Some of you may have heard this statement before ‘Life is Relationship’ and the more we understand this, the better we can potentially live our lives. The initial idea that we are social beings created for community living suggests that we are meant to be in relationship to someone or even something. This creates the idea of mutual respect for our surroundings and the people who inhabit the surroundings with us. Respect then brings about the need for us to be accountable to each other and it is then, when we think about it that we actually all need each other for existence or a least a better understanding of the African principle of Ubuntu. Ubuntu suggests that we cannot exist without others and that I am only me because of you.
Yes I am me because of the influences in my life, from the day I was born until where I find myself at this point of my life. I am the sum total of every influence and the experiences I have had so far, these experiences have either caused me joy or pain, and in some cases I have even numbed myself to the pain I experience or perceive I could experience.
Start thinking about your relationships; the relationships you have with your partner, your children, your friends and the colleagues at work. What questions do we ask them and what are the topics of that question? Just because our partners ask how our day was and we often just respond ‘fine” does not mean that we need to ask the same questions. If we are to be effective we need to ask questions that follow on from what we already know or they need to be disruptive.
Disruption is the art of evoking a true emotional response so as to get a different outcome from what either the person giving you the response expects to give and especially receiving a different response from what you as the recipient has expected. When this happens disruption has taken place.

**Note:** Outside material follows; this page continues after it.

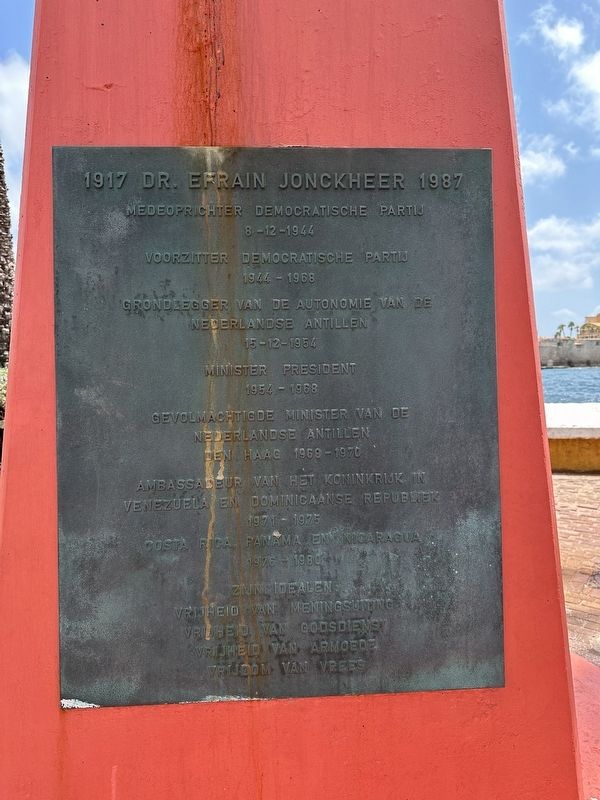 Dr. Efrain Jonckheer Marker - rear plaque image. Click for full size.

Disruption is needed to change our thinking from old paradigms, experience our own selves in a different way and to open to new possibilities. The danger is that we will slip back into the same old rut as soon as the emotion passes, therefore it is imperative that the ‘time of disruption’ is used effectively.

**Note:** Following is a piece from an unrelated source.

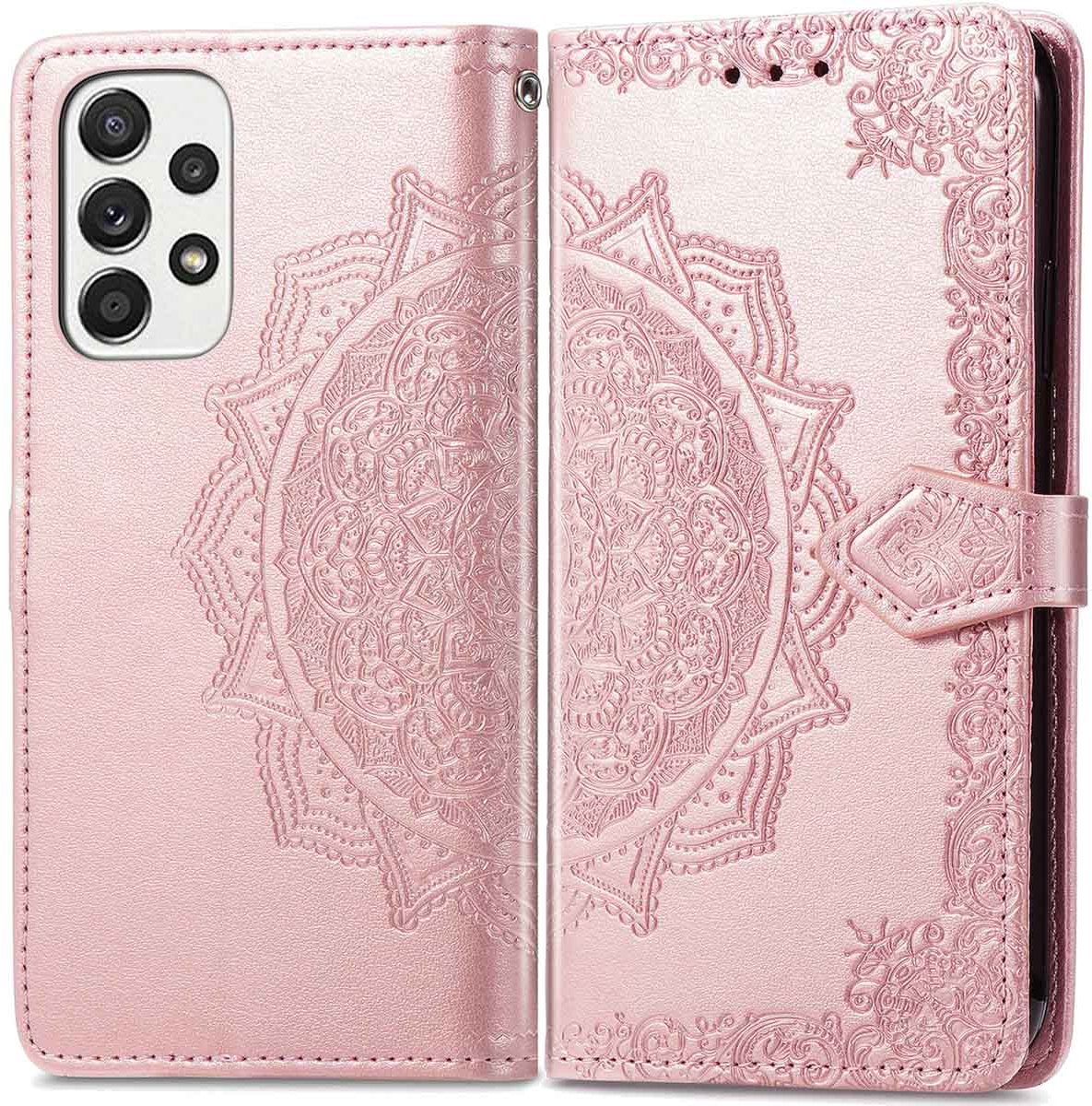 imoshion Hoesje - Geschikt voor Samsung Galaxy A33 - Mandala Bookcase - Rosé Goud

If the above gave you some idea of what disruption is, then how do we disrupt and what is your idea of what a disruptor is? Is a disruptor a rebel or a nonconformist? Could we agree that a disruptor may challenge the status quo or lead a social movement that would shake the foundations of what we have been taught to be the only way or in other words our belief. It is this belief system that rejects the new ideas and keeps us believing and defending this belief.

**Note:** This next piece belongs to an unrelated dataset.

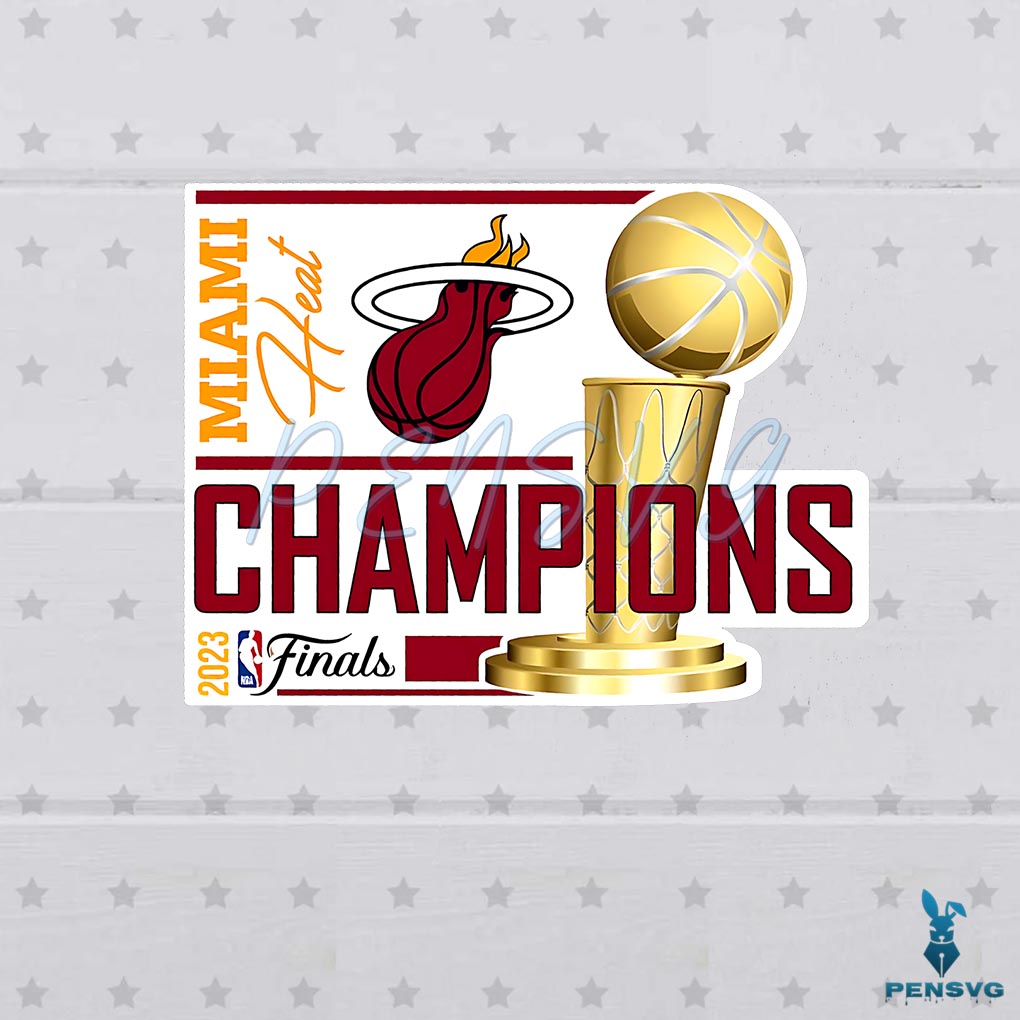 Miami Heat Champions Final NBA 2023 Png Silhouette Sublimation Files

Who are disruptors and what do disruptors do? Think back to the original statement in this article that ‘life is relationship’. What are the disruptors in our relationships and for that matter what disrupts our normal day to day lives? We may think it is everything, but it is actually simpler than that … yes in fact very simple and so obvious. The disruptors we encounter on a daily basis are simply questions. We think everything is running along just fine until someone is bold enough to ask a question. A disruptor is anyone who asks a question that makes us feel uncomfortable and therefore we are all capable of disrupting anything we choose to think about and ask the right question that evokes an emotional response causing the person to give us a reaction that was never expected. What I mean by never expected is that the answer was not predictable and possibly the answer even astounded the person responding.
These are typically question that notice that we have not been accountable when we were expected to be accountable, the question questions this fact and causes us to try and squirm out of our situation.
However we don’t know how to ask the right questions and if this is the case, we simply irritate the person instead of getting an answer. Most people pretend to listen, instead of listening they are listening to their own thinking and when speaking they are trying to manipulate you into thinking there way.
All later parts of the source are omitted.